苦情の報告 事例インデックス : 過去の主な事例索引 ツアーが中止になったので、
取得した査証手数料を返して。(2020年)

更新日:2023年10月03日


新型コロナウイルス感染症関連 旅券/査証
契約形態 募集型企画旅行/渡航手続代行契約
申出人 男性:21歳
申込旅行 インド8日間
旅行代金 128,000円
出発日 2020年2月

申出内容

友人と2人の卒業旅行にインドに行くツアーを申込みました。

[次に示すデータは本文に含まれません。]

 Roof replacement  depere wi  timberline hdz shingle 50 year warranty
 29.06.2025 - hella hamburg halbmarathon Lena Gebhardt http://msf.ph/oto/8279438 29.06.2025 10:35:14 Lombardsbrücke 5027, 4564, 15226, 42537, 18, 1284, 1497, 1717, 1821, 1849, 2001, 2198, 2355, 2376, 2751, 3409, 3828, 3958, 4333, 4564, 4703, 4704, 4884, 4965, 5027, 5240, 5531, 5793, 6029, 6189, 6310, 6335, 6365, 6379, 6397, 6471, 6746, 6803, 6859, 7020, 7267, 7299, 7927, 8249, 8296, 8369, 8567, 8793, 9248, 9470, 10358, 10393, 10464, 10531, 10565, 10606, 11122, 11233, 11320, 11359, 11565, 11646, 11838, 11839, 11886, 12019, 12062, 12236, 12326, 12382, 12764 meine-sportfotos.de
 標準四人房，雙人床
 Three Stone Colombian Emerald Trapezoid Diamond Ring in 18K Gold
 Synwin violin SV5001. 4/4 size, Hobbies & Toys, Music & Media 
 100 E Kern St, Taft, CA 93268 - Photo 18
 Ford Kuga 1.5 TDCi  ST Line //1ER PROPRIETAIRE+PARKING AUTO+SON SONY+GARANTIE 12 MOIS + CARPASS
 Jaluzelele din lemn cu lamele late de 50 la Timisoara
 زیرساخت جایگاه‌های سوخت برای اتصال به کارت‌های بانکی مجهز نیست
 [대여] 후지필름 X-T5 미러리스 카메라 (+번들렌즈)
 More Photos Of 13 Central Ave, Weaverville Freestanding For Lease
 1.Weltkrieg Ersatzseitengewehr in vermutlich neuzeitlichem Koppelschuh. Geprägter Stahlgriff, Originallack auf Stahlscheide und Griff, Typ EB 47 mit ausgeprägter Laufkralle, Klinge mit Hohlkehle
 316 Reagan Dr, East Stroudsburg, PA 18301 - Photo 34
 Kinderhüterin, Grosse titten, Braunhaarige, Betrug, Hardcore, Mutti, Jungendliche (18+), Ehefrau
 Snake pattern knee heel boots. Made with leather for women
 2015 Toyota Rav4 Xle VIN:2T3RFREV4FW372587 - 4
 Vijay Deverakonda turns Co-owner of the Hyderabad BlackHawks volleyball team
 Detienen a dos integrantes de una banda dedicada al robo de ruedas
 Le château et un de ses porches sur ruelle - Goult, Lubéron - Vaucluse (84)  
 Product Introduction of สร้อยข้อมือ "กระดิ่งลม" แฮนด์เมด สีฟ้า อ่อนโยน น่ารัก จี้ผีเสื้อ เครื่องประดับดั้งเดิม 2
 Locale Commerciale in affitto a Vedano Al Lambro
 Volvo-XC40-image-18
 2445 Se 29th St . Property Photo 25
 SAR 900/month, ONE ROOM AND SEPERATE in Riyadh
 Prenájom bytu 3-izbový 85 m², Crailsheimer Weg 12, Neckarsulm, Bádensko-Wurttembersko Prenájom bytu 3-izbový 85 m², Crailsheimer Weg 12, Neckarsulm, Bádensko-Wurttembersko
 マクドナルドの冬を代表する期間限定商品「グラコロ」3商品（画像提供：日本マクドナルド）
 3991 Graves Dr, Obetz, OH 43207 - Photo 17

出発まで1カ月をきって楽しみにしていたところ、新型コロナウイルスの関係で、経由地の上海からデリー間の飛行機が運休になり、ツアーが中止になってしまいました。
昨年10月にインドツアーを申込んでいましたが台風で中止となり、ビザが6カ月有効だったため新たに申込んだこのツアーがリベンジ旅行だったのに。
ビザを取得したのに旅行に行けなくなったので、ビザを取るのにかかったビザ代金と手数料を返してください。

会社見解

楽しみにされていたところ新型コロナウイルスでせっかくの旅行が中止になり残念に思います。
今回の査証の取得に対して結んだ渡航手続代行契約は個別のものであり、査証を取得した時点で代行業務は完了しているため手数料は返金できません。

解決

査証の取得については渡航手続代行契約であり、査証を取得した時点で代行業務が完了する点を丁重にお伝えして終了。

解決の指針

旅行会社が旅行者と交わした渡航手続代行契約は、募集型企画旅行に参加する契約とは別の契約で、渡航手続代行契約第3条には次のような業務を引き受けると定義されています。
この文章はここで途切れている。